I once met a man who was a billionaire who became involved into religious matters, related to attaining all kinds of knowledge. The more he mastered the music, the philosophy, the more he craved the inner workings of mystical Judaism. He had everything, but he craved the knowledge of Gd itself.

Once he invited several scholars to share their wisdom in a getaway retreat. One of the guys was a Lubavitcher student whose parents were shluchim in California.

Together they got into a lengthy discussion about the interplay between religious, mystical, and rational matters. The boy asked him if he had ever studied biblical criticism of its kind, as it had been sweeping across the modern orthodox world.

He said that, as someone who grew up not religious, he was always listening to his mother deconstruct ideas of modern thought. As he explained, his tikkun was not to continue to deconstruct, but to strengthen his belief in G-d and his Torah.
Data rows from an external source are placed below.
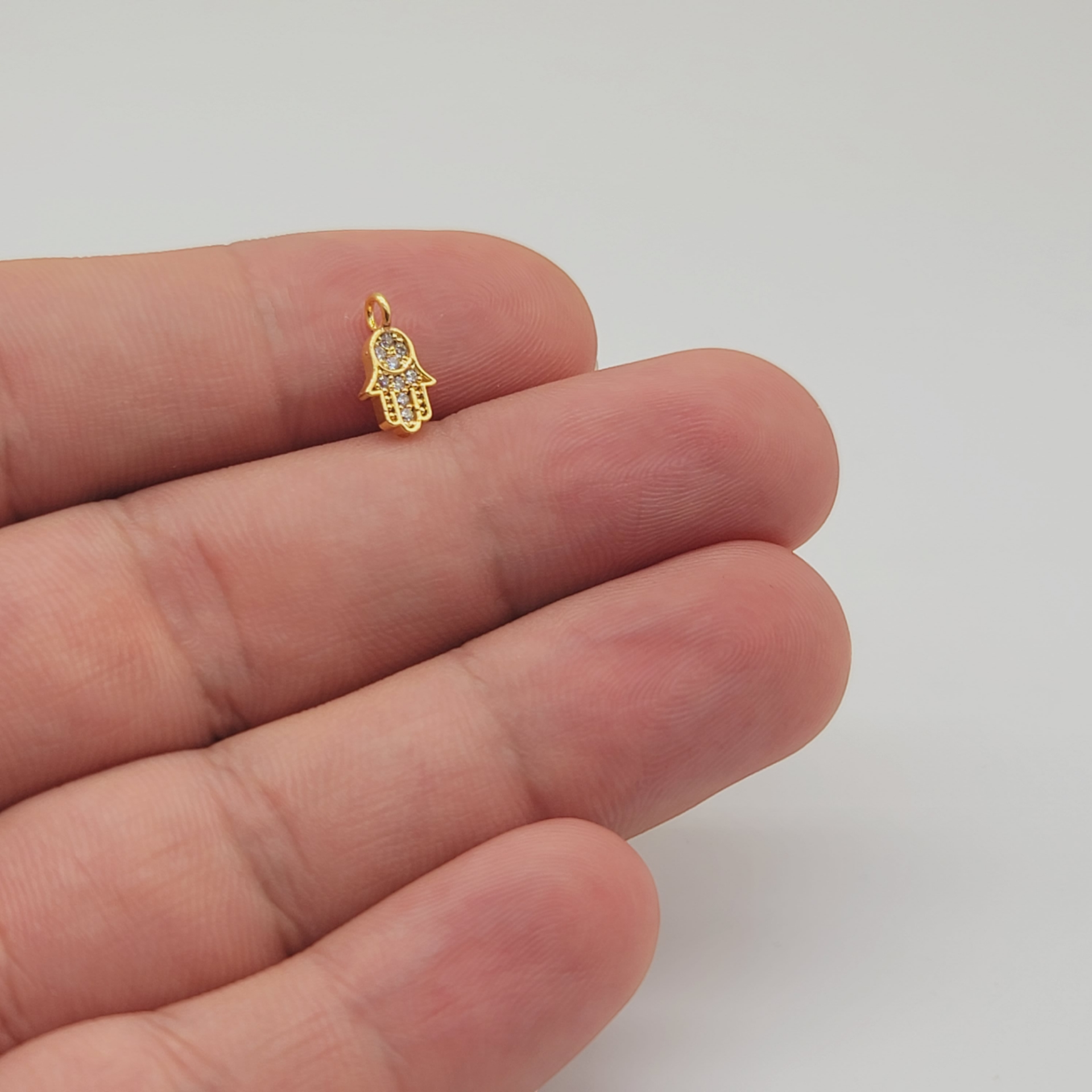 Altın Kap. Zirkon Taşlı Fatma Ana Eli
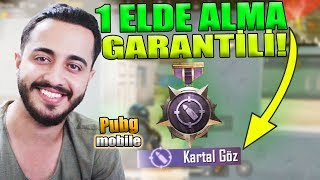 YENİ YÖNTEMLE KARTAL GÖZ ÜNVANI ALMAYAN KALMAYACAK ! Pubg Mobile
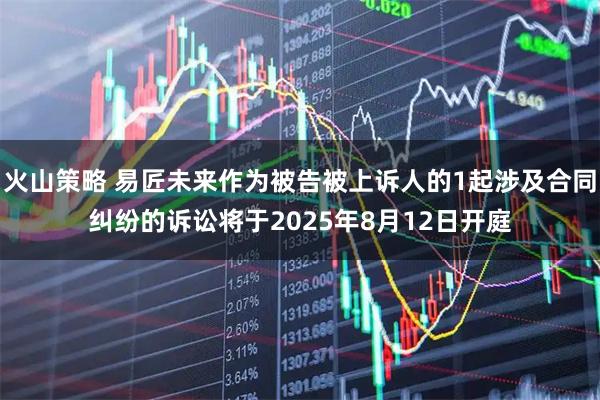火山策略 易匠未来作为被告被上诉人的1起涉及合同纠纷的诉讼将于2025年8月12日开庭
For this Lubavitcher student, he grew up with the religious framework to reference that of biblical criticism. It wasn’t his way of being heretic, but rather of finding a middle ground to referencing a different kind of framework to ground himself in the religious narrative.

Today there is a trend of people who grow up non religious to look for a more modern life style and, yet, there is a growing number of people who want to come closer to Torah in everlasting sacrifice. One is not truth and one is not falsities.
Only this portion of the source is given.